The meeting of two tyrannous leaders sparked the world with numerous speculations on whether the third world war is on the edges or a historic alliance is taking place. The historic meeting between President Donald J. Trump and North Korean leader Kim Jong Un was a high-stakes gamble for Trump, says Costas Panagopoulos, a political science professor at Northeastern University. It could lead to Nobel Peace Prize nominations for the pair, he said, or to utter disaster.
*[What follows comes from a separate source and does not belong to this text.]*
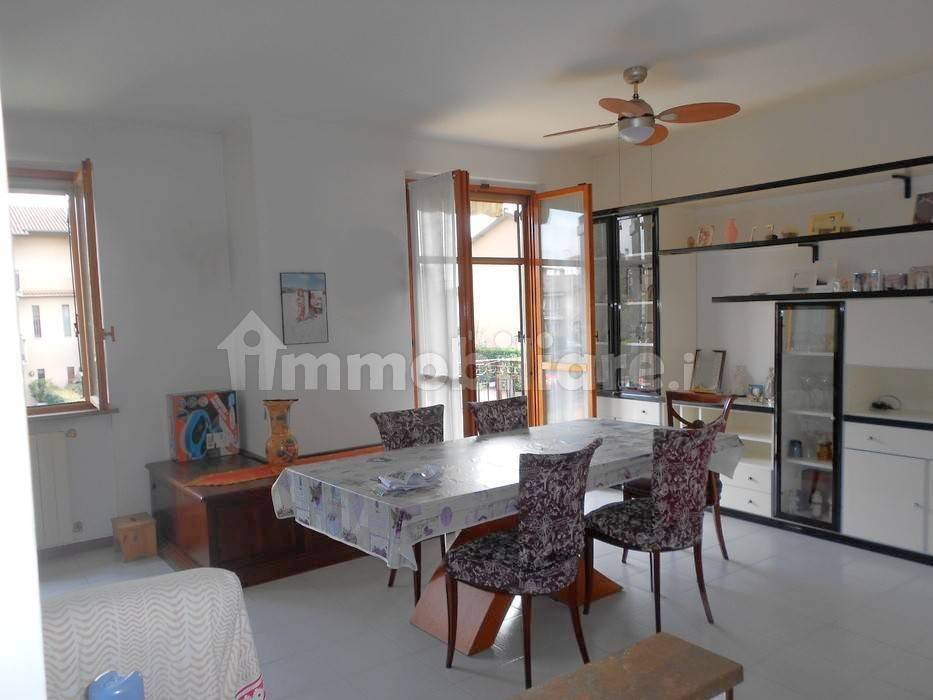 immagine annuncio 1 di 8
The summit, held in Singapore, marked the first meeting between leaders of the two nations and resulted in Trump’s pledge to suspend joint military exercises with South Korea and Kim’s pledge to dismantle his nuclear arsenal. Beyond those assurances—and the fact that two adversaries who were hurling threats of nuclear warfare at each other on Twitter months ago have now shaken hands—how significant was the meeting? Is Trump really in line to win a Nobel Peace Prize, as South Korea’s President Moon Jae-In suggested he should be back in April?
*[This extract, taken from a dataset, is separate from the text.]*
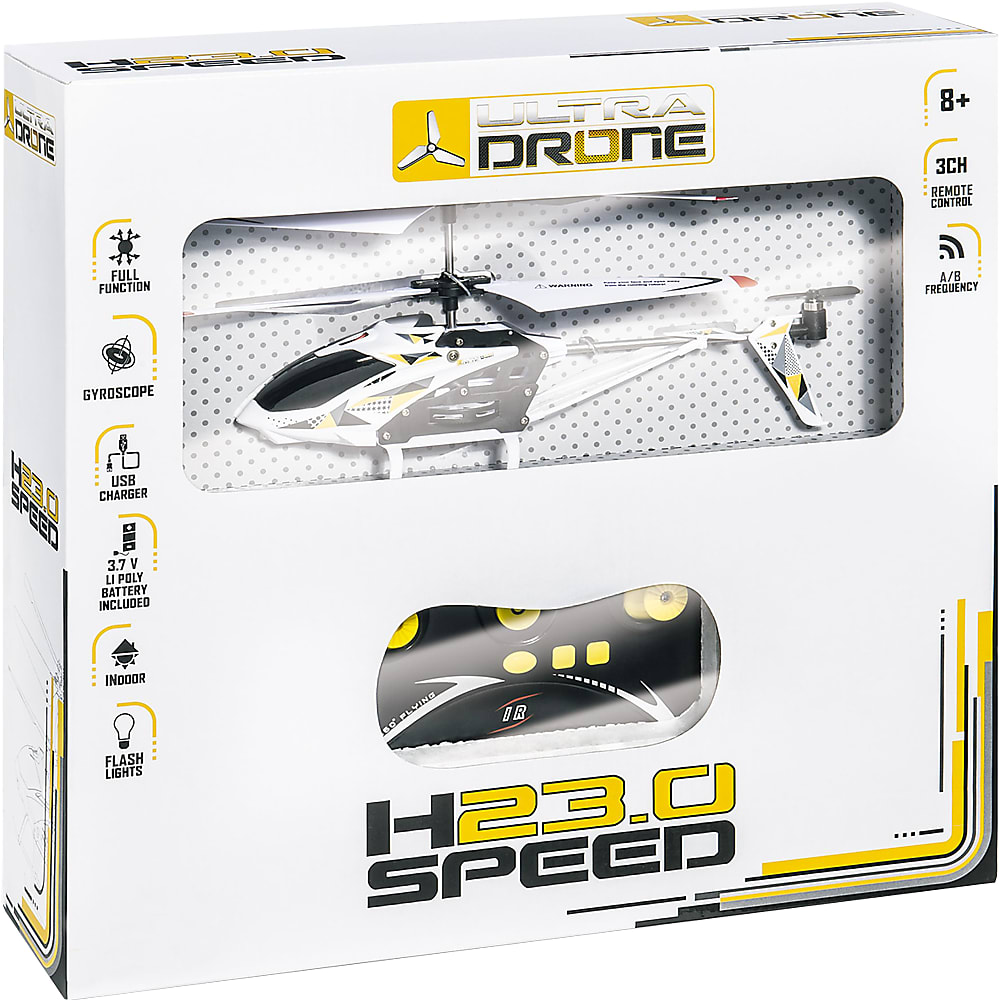 Drone h23 sale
In the United States, this meeting reinforces Trump’s contention that he is the great negotiator who can bring parties to the table and make things happen. And he’s likely to get a lot of credit for doing something different, for his willingness to meet with Kim Jong Un. North Korea has made similar pledges to denuclearize in the past and hasn’t necessarily kept its end of the bargain. So, while there’s definitely a reason to be optimistic, there’s also a great deal of uncertainty moving forward. However, the devil is often in the details. Things could fall apart in the negotiations over these details; it’s a delicate situation moving forward. So, this will be a delicate process not only between the two nations but in many ways a different approach within the Trump administration in terms of how these things are handled.